In the event that Tenant is still so using the Premises at the time of the
notice of termination, such effective date shall be the date mutually agreed to
by Landlord and Tenant for Tenant to find, negotiate for, build-out and relocate
to, substitute space.

     22.8 Reserved.

     22.9 In the event of any damage or destruction to the Building or Premises
by any peril covered by the provisions of this Article 22, subject to Landlord's
security obligation set forth in Section     of this Lease, it shall be Tenant's
                                 -----------
responsibility to properly secure the Premises and Tenant shall, promptly
following notice from Landlord, remove any property from the Premises, at its
sole cost and expense, remove such property belonging to Tenant or its licensees
from such portion or all of the Building or Premises to allow Landlord to
perform its restoration obligations hereunder.

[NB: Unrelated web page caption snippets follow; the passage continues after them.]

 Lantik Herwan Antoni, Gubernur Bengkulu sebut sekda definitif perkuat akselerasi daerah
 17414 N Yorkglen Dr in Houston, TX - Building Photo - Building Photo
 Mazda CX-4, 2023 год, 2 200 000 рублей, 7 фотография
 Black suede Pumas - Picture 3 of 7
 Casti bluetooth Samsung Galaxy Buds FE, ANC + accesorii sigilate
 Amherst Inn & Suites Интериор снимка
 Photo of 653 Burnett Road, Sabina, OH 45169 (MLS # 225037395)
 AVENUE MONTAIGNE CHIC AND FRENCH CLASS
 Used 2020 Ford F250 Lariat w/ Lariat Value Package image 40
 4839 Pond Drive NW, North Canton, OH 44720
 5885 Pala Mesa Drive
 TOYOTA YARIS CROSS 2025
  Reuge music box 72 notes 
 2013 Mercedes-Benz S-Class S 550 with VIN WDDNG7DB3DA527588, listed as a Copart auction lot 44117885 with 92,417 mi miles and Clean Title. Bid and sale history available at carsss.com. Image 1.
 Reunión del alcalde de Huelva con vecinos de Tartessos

     22.10     In the event the Premises or any portion thereof, or any other
portion of the Building or the Property, is damaged, and such damage renders the
Premises or any portion thereof untenantable for its then-current use, then
Tenant's rent shall be abated during the time of such untenantability, in the
proportion that the rentable area of the untenantable portion of the Premises
bears to the total rentable area of the Premises.  However, in the event that
any portion

                                      -33-
<PAGE>

of the Premises is untenantable and the remaining portion of the Premises is not
sufficient to allow Tenant to effectively conduct its business therein, and if
Tenant does not conduct its business from such remaining portion, then for such
time during which Tenant is so prevented from effectively conducting its
business therein, the rent for the entire Premises shall be abated; provided,
however, that when Tenant is able to reoccupy and conduct its business from any
portion of the Premises during such period, the rent allocable to such
reoccupied portion, based on the proportion that the rentable area of such
reoccupied portion of the Premises bears to the total rentable area of the
Premises, shall be payable by Tenant from the date Tenant is able to reoccupy
such portion of the Premises. If Tenant's right to abatement occurs during a
free rent period which arises after the Commencement Date, Tenant's free rent
period shall be extended for the number of days that the abatement period
overlapped the free rent period. Tenant's abatement period shall continue until
Tenant has been given sufficient time, and sufficient access to the Premises, to
rebuild the portion of the Premises damaged, to install its property, furniture,
fixtures, and equipment and to move in over one week.

23.  EMINENT DOMAIN.

     23.1 If the Premises or any portion thereof are taken under the power of
eminent domain ("condemnation"), this Lease shall terminate as to the part so
taken as of the date the condemning authority takes title or possession,
whichever first occurs, and rent shall be proportionally reduced, subject to the
remaining terms of this Section 23.1.  If (i) a portion of the Building or
                        ------------
Property is taken so that the Premises are permanently deprived of access and
Landlord is unable to provide reasonable alternate access to the Premises within
a time period which is reasonable under the circumstances, or (ii) more than
thirty percent (30%) of either the Premises or the area in which Tenant was
granted parking privileges under this Lease is taken by condemnation and
Landlord is unable to provide reasonable alternate parking as provided below,
Tenant may, at Tenant's option, terminate this Lease as of the date set forth in
Tenant's notice of termination to Landlord.  In the event any portion of the
Property taken contains areas within which Tenant is provided its parking
privileges pursuant to this Lease, and provided this Lease is not terminated,
Landlord shall promptly provide Tenant with substitute parking privileges on or
within one-half ( 1/2) mile of the Building and, if such parking is greater than
one hundred (100) yards from the Building, Landlord shall provide shuttle bus
service to such parking.  Landlord shall not treat Tenant less favorably than
any other tenant of the Building or Property with respect to the substitution of
parking privileges in connection with the subject condemnation.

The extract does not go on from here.